DATA UNDER STUDY Start Marker

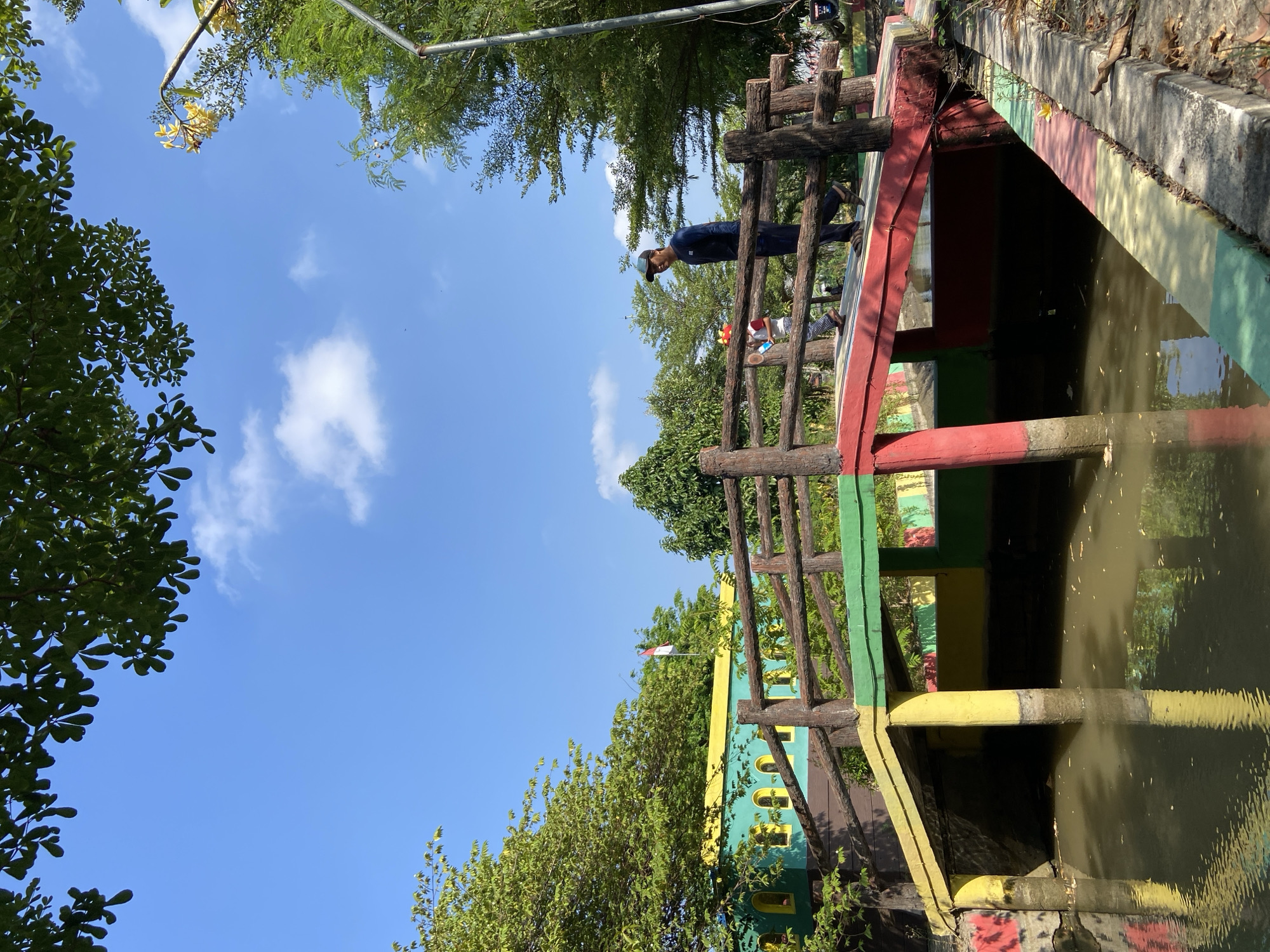 The image depicts a sunny day with a clear blue sky and scattered clouds. In the foreground, a vibrantly painted bridge spans a calm body of water. The bridge features a wooden railing with a rustic texture, and its supporting structure is painted in alternating sections of red, yellow, and green.
On the bridge, a man wearing a dark blue long-sleeved shirt, dark pants, and sandals is walking towards the right side of the frame. He is looking downwards and to his left. Behind him, a child in a red and white shirt and patterned pants is also walking on the bridge. The child is holding a small, light-colored object.
To the left of the bridge, a colorful building with green walls and yellow-framed windows is visible. A red and white flag, likely the Indonesian flag, is seen flying from a pole behind the building. Lush green trees surround the area, with some branches of a large tree hanging from the top of the frame. The overall environment suggests an outdoor recreational space or park. The scene appears to be located in the city of Gelam, Indonesia, given the context.
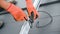 Worker securing cables by special tie while installing solar panels system on rooftop of house.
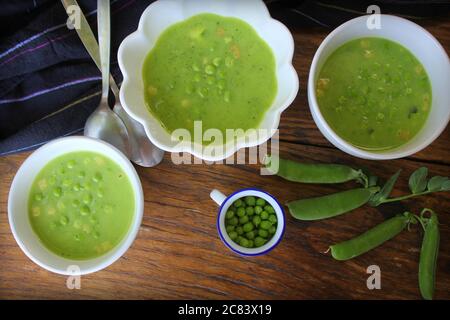 Frische grüne Erbsensuppe mit Erbsensamen und Erbsenschoten herum, Draufsicht Stockfoto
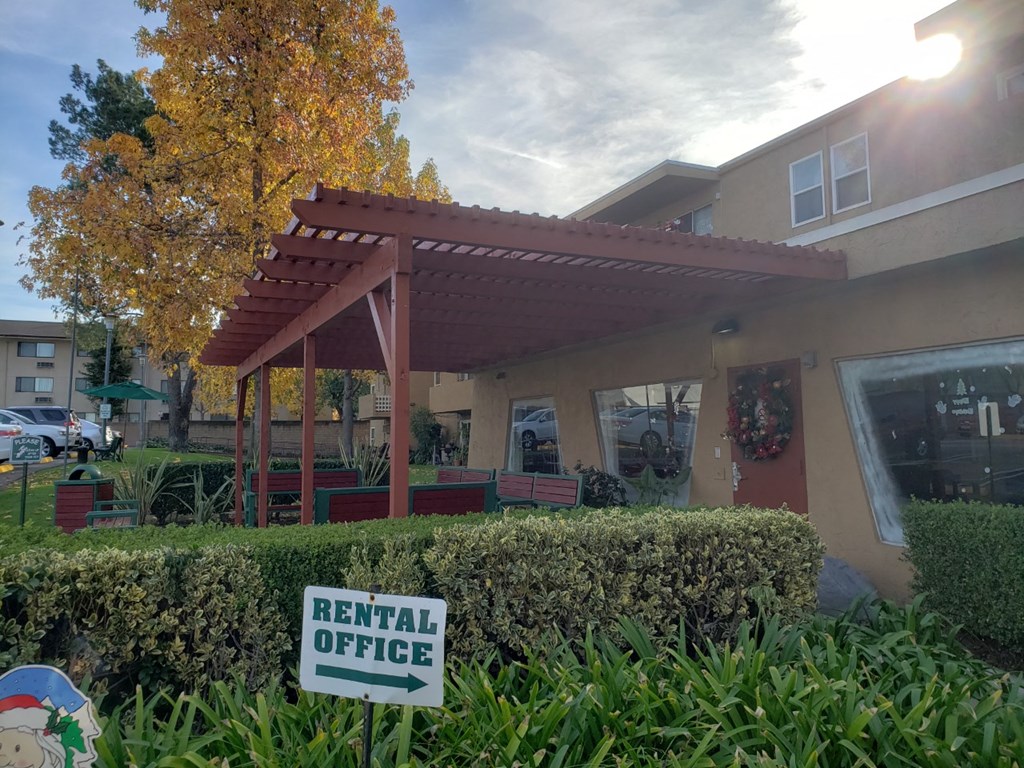 a rent office sign in front of a building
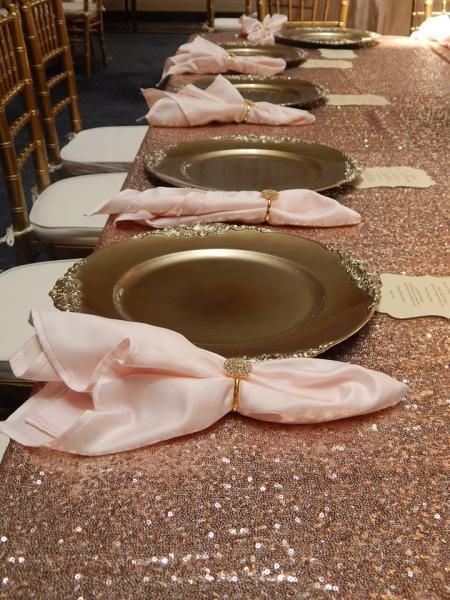 Elegant banquet table set with gold plates and folded pink napkins on a sparkling rose-gold runner.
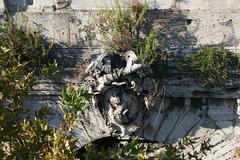 Close-up of a sculpture adorning the keystone of Ponte Rotto in Rome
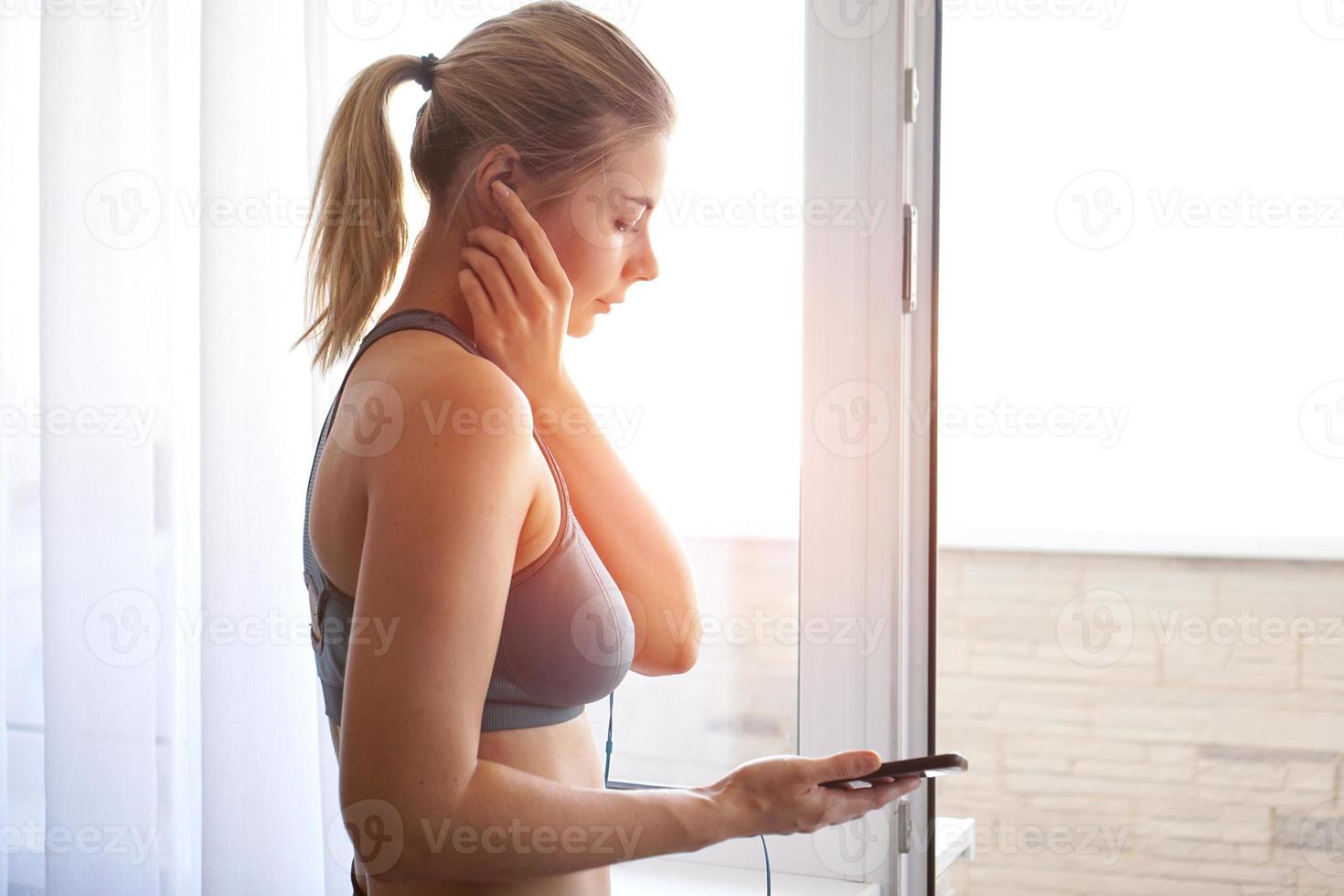 jong mooi sportief meisje staat bij het raam en luistert naar muziek foto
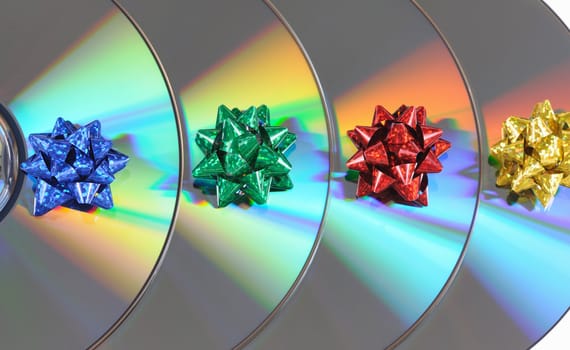 Disks with multicolored bows lay abreast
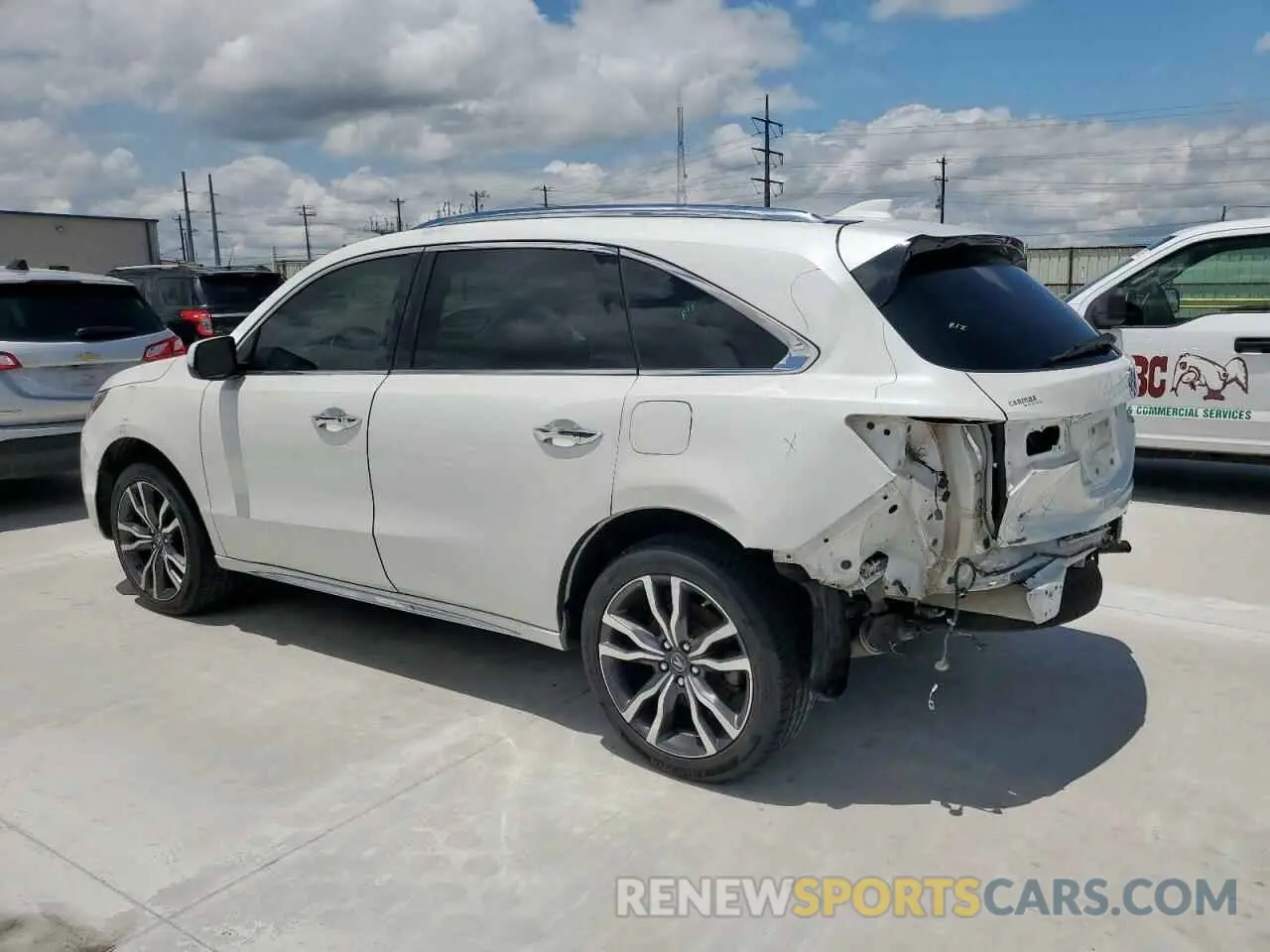 2 Photograph of a damaged car 5J8YD4H91LL011529 ACURA MDX 2020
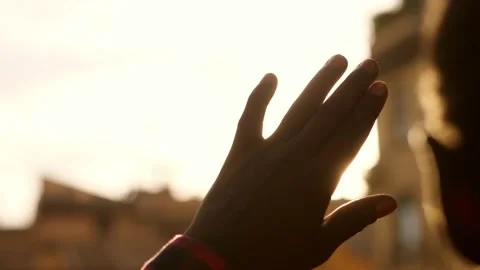 Black man's hand shading face from sunlight at sunset Stock Footage 231550911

DATA UNDER STUDY End Marker

WHAT YOU SHOULD DO :: After removing the pictures, transcribe the listing above exactly.

ANSWER SECTION ::
 The image depicts a sunny day with a clear blue sky and scattered clouds. In the foreground, a vibrantly painted bridge spans a calm body of water. The bridge features a wooden railing with a rustic texture, and its supporting structure is painted in alternating sections of red, yellow, and green.
On the bridge, a man wearing a dark blue long-sleeved shirt, dark pants, and sandals is walking towards the right side of the frame. He is looking downwards and to his left. Behind him, a child in a red and white shirt and patterned pants is also walking on the bridge. The child is holding a small, light-colored object.
To the left of the bridge, a colorful building with green walls and yellow-framed windows is visible. A red and white flag, likely the Indonesian flag, is seen flying from a pole behind the building. Lush green trees surround the area, with some branches of a large tree hanging from the top of the frame. The overall environment suggests an outdoor recreational space or park. The scene appears to be located in the city of Gelam, Indonesia, given the context.
 Worker securing cables by special tie while installing solar panels system on rooftop of house.
 Frische grüne Erbsensuppe mit Erbsensamen und Erbsenschoten herum, Draufsicht Stockfoto
 a rent office sign in front of a building
 Elegant banquet table set with gold plates and folded pink napkins on a sparkling rose-gold runner.
 Close-up of a sculpture adorning the keystone of Ponte Rotto in Rome
 jong mooi sportief meisje staat bij het raam en luistert naar muziek foto
 Disks with multicolored bows lay abreast
 2 Photograph of a damaged car 5J8YD4H91LL011529 ACURA MDX 2020
 Black man's hand shading face from sunlight at sunset Stock Footage 231550911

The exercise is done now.